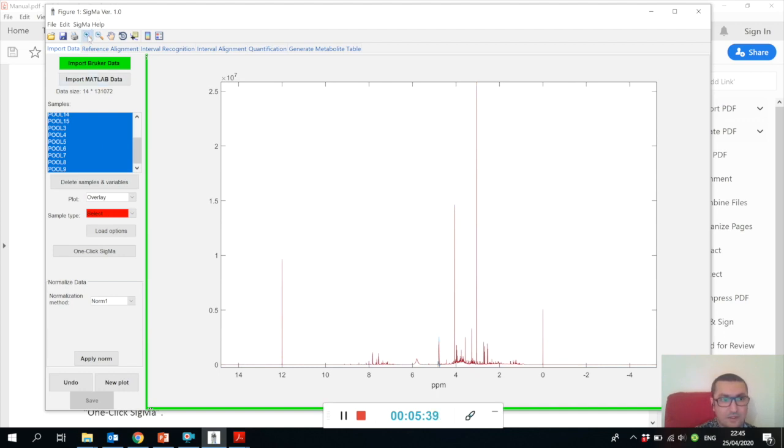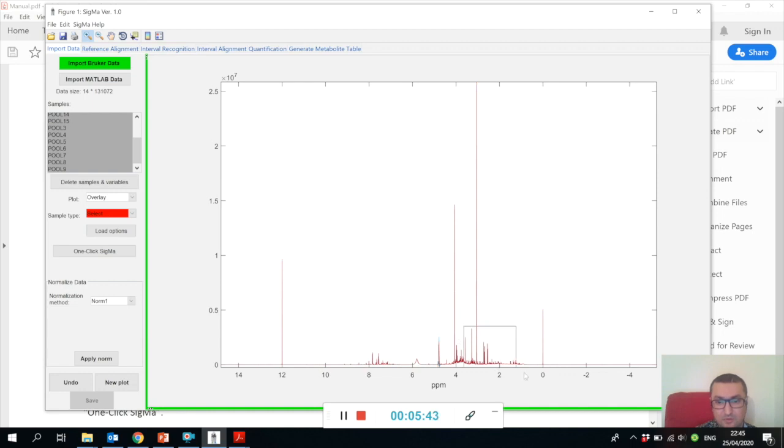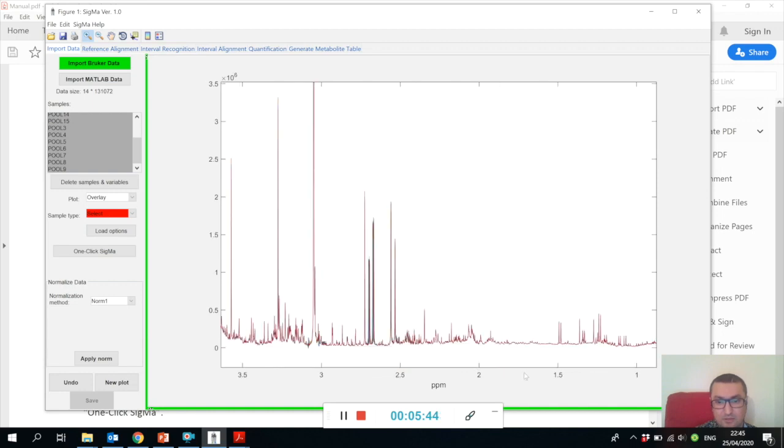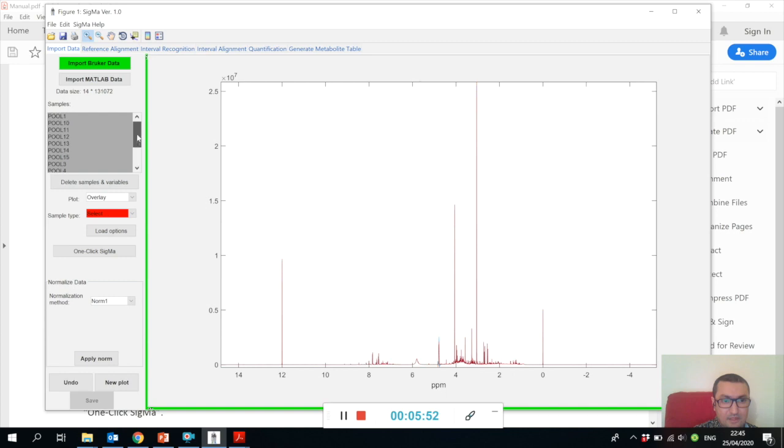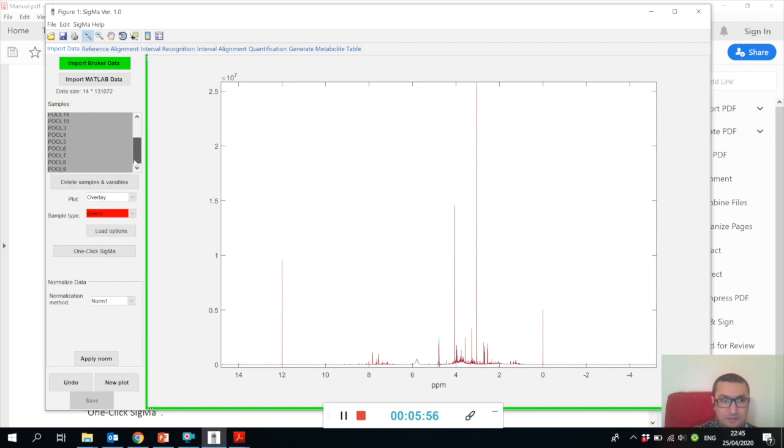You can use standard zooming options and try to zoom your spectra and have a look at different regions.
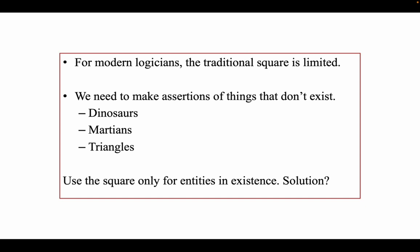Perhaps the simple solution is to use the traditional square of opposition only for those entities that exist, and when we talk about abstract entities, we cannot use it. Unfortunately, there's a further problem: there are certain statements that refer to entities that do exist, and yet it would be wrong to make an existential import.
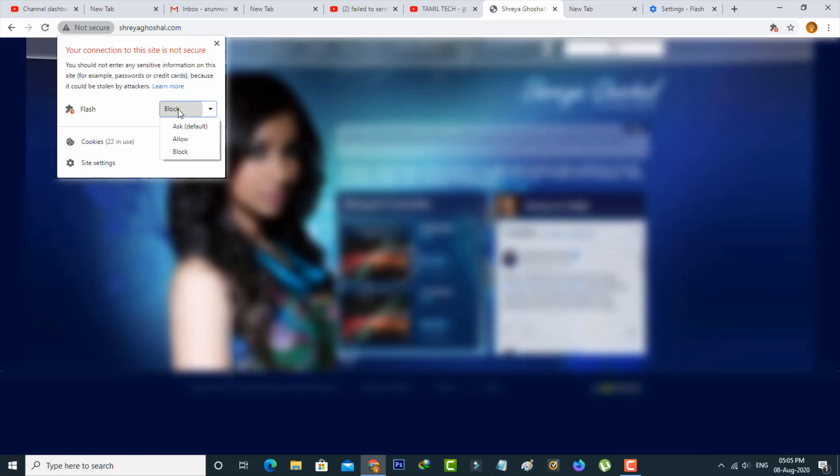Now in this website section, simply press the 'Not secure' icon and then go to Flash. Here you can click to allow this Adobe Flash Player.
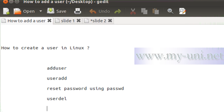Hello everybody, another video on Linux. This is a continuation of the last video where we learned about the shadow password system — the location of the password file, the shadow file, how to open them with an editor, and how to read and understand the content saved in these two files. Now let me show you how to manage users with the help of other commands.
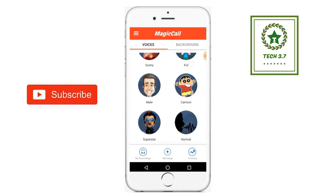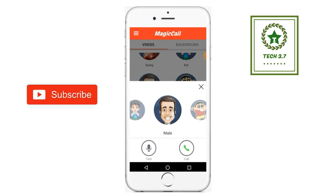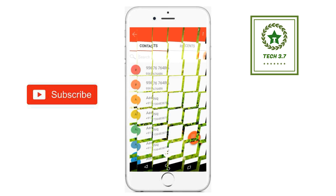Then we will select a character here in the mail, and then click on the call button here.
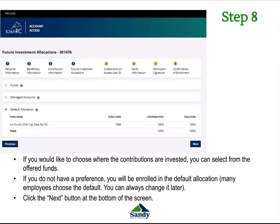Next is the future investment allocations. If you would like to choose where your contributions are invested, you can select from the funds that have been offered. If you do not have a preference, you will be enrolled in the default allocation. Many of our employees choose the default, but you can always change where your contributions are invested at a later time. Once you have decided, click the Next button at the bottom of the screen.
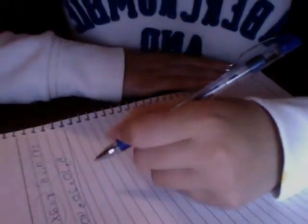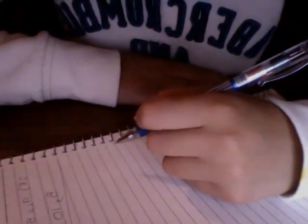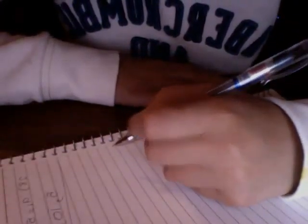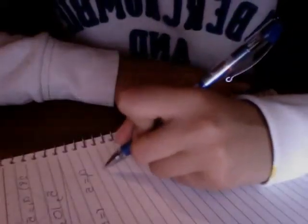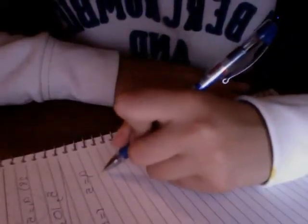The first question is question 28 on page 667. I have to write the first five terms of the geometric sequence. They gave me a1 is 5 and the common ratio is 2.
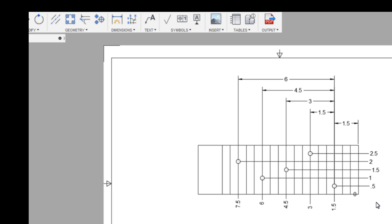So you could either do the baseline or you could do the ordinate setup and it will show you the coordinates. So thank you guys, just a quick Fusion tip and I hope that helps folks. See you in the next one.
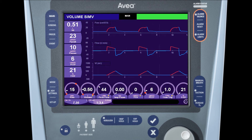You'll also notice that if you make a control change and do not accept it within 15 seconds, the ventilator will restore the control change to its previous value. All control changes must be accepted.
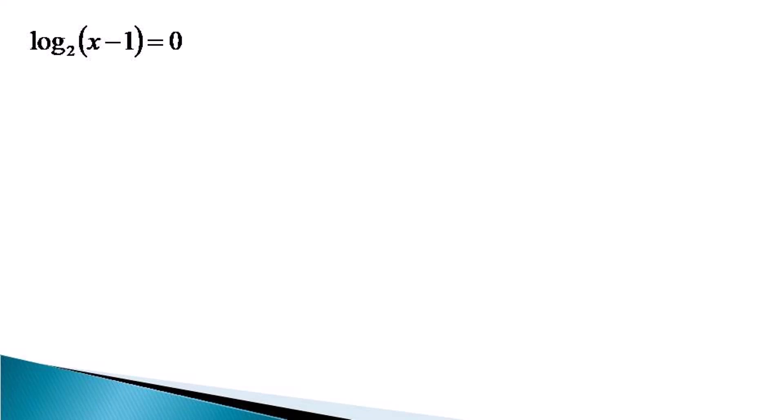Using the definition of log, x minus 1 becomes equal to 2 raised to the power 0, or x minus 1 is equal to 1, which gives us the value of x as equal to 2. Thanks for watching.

* * *

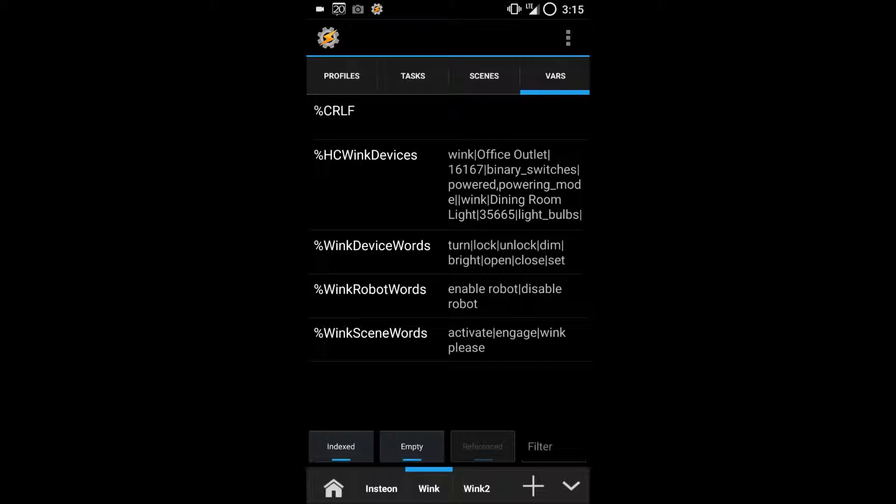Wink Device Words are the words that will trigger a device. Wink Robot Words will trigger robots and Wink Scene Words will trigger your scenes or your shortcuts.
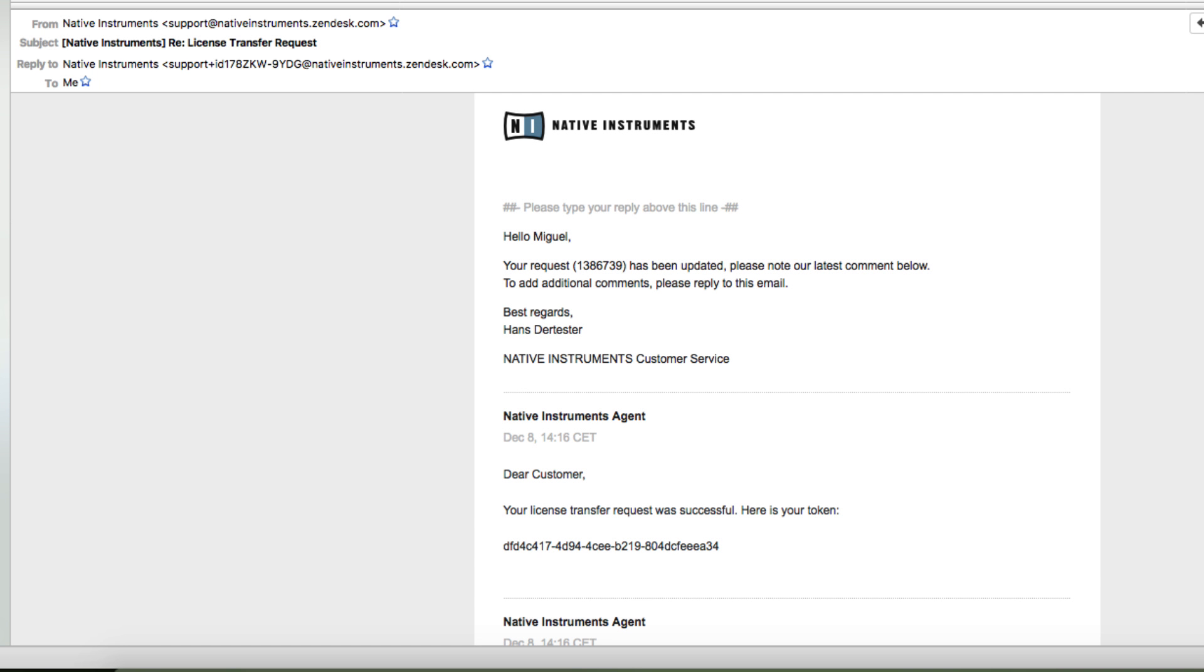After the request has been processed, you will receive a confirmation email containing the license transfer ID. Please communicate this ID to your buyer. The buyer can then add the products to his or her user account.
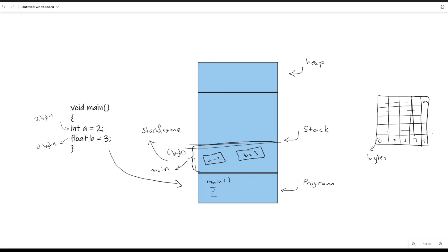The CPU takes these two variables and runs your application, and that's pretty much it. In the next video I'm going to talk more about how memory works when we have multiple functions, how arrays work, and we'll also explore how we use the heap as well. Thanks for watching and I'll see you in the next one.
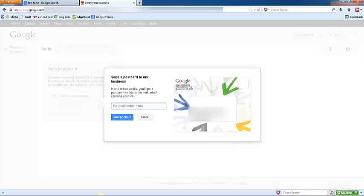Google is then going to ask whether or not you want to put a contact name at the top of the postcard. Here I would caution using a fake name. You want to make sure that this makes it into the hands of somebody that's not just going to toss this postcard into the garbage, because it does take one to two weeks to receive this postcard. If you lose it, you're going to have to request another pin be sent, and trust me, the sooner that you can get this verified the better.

**Assignment:**
Take only the lines above from the one that has "The first question" through the one that has "So you could" and reproduce them exactly, omitting any pictures.

**Solution to this task:**
The first question is question 28 on page 667. I have to write the first five terms of the geometric sequence. They gave me a1 is 5 and the common ratio is 2.
So you could either do the baseline or you could do the ordinate setup and it will show you the coordinates. So thank you guys, just a quick Fusion tip and I hope that helps folks. See you in the next one.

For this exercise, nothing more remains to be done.